Di Jawa Tengah, tidak sedikit masyarakat Jawa (pribumi) yang ikut merayakan tradisi tersebut. Ada perayaan atau peringatan hari jadi, hari lahir (harlah), dies natalis, dan sebagainya. Pada intinya, semua sama yakni peringatan kelahiran. Masyarakat merayakannya bermewah-mewahan, besar-besaran yang hingga dapat menelan budget yang tidak kecil. Alih-aih sebagai salah satu bentuk syukur (tasyakuran), perayannya bagai ajang foya-foya, membuang waktu dan uang. Sehingga tujuan dari peringatan tersebut sudah jauh dari asalnya. Beralih sebagai pemuas kesenangan duniawi.
Di tengah kerasnya arus globalisasi, dirasa mahal kenampakan dari perayaan (tradisional) oleh pribumi (Jawa), khususnya upacara kelahiran asli adat Jawa. Keberadaan tradisi tersebut yang benar-benar murni dapat dikatakan jarang. Kalaupun ada, bagaimanakah prosesi pemeringatannya. Seperti yang telah diketahui, di era modernisasi ini kebanyakan pemeringatan hari kelahiran sarat dengan kue tart, lilin dan lain-lain.
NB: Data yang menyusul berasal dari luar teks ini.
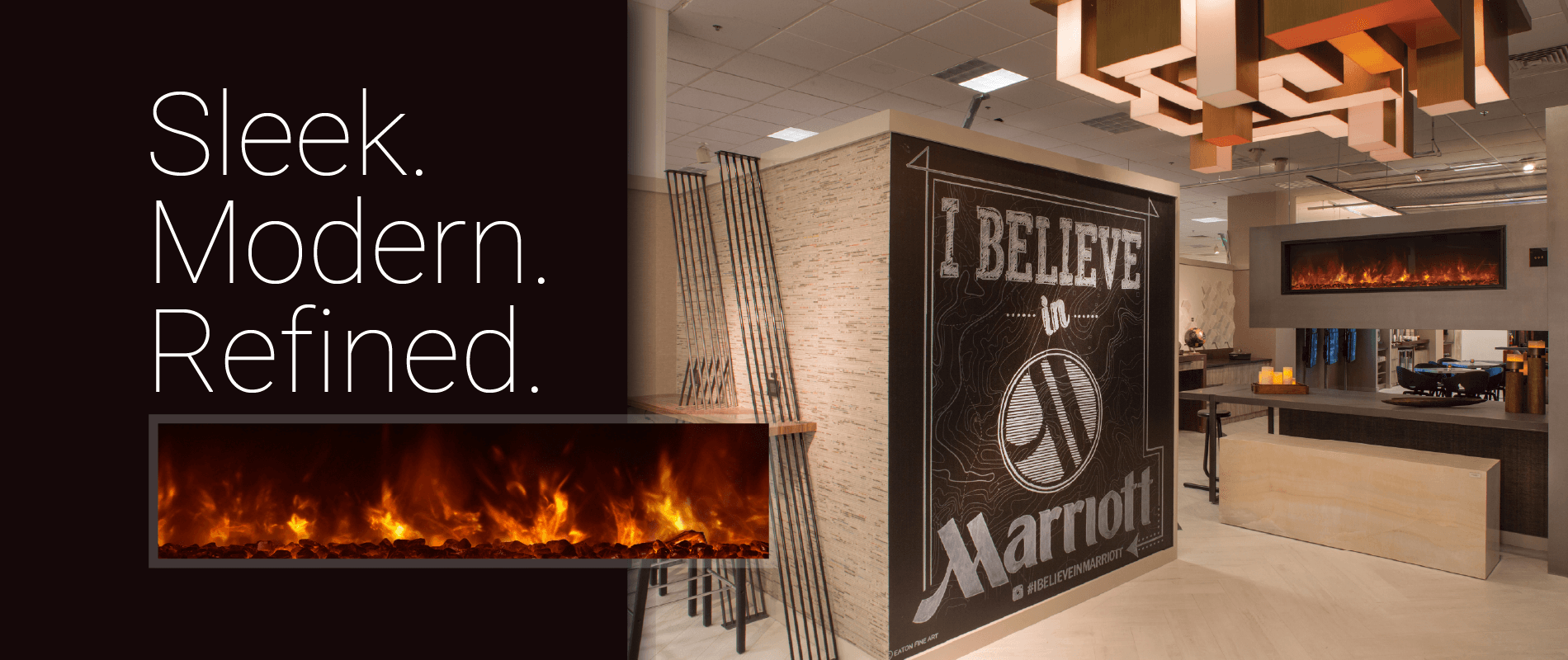 marriott fireplace and grill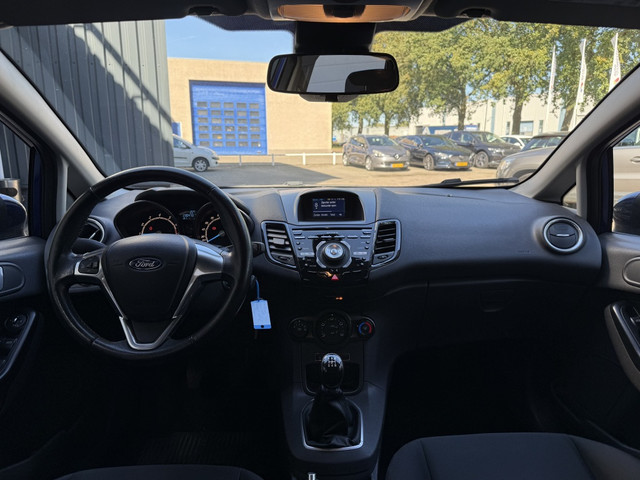 Foto 5 van Ford Fiesta 1.0 EcoB. Titanium (bj 2014)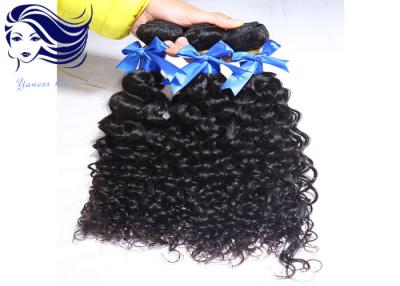 China Malaysian Weft Hair Extensions Deep Body Wave Malaysian Hair Unprocessed for sale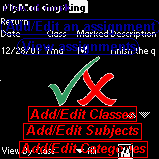 MyMarking+ downloadable Software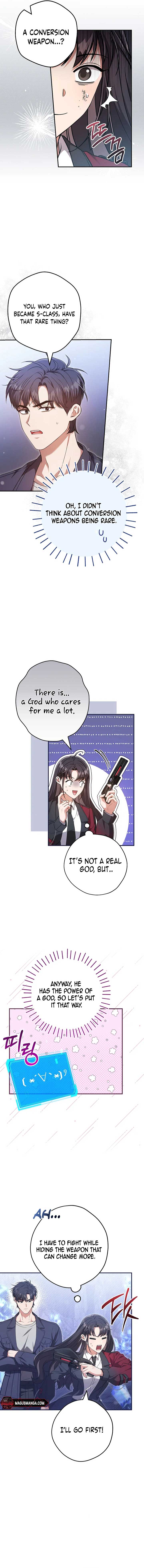 The Civil Servant Hunter’s S-Class Resignation Log Chapter 22 - Page 12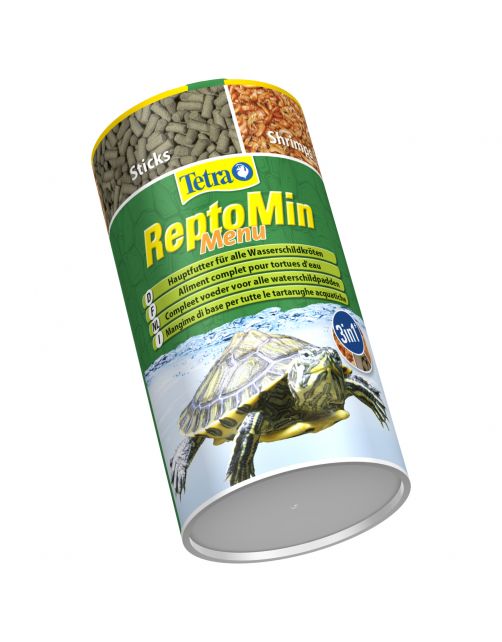 Tetra Fauna Reptomin Menu - Voer - 250 ml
Apakah dalam adat Jawa memang sama seperti itu, pastilah di dalamnya kental dengan maksud spirituil. Dengan kata lain, dalam suatu upacara sarat akan makna.
Orang awam memandang dunia Jawa (kejawen) sarat akan ‘kemistisannya’ (nilai filosofis, nilai spirituiil), adakah keterpaduannya dengan pemeringatan suatu peristiwa kelahiran. Berbeda dengan budaya manca yang dirasa jauh dari hal-hal spirituiil atau bahkan kemistisan.
Banyak masyarakat Jawa, khususnya warga kota Semarang yang dengan antusiasmenya ingin merayakan atau memperingati kelahiran. Hampir seluruh warga kota Semarang melaksanakan upacara kelahiran, khususnya selapanan, digabungkan dengan upacara aqiqah. Seringkali dalam pelaksanaannya, diadakan secara besar-besaran. Banyak yang beranggapan karena sudah tradisi dan ada pula yang beranggapan karena gengsi. Sebenarnya untuk apa (atas dasar apa) suatu peristiwa kelahiran harus diperingati atau dirayakan. Adakah faedahnya, adakah manfaatnya, sebagian masyarakat awam tidak mengetahui itu. Kebanyakan dari mereka, dapat dikatakan, ikut-ikutan saja.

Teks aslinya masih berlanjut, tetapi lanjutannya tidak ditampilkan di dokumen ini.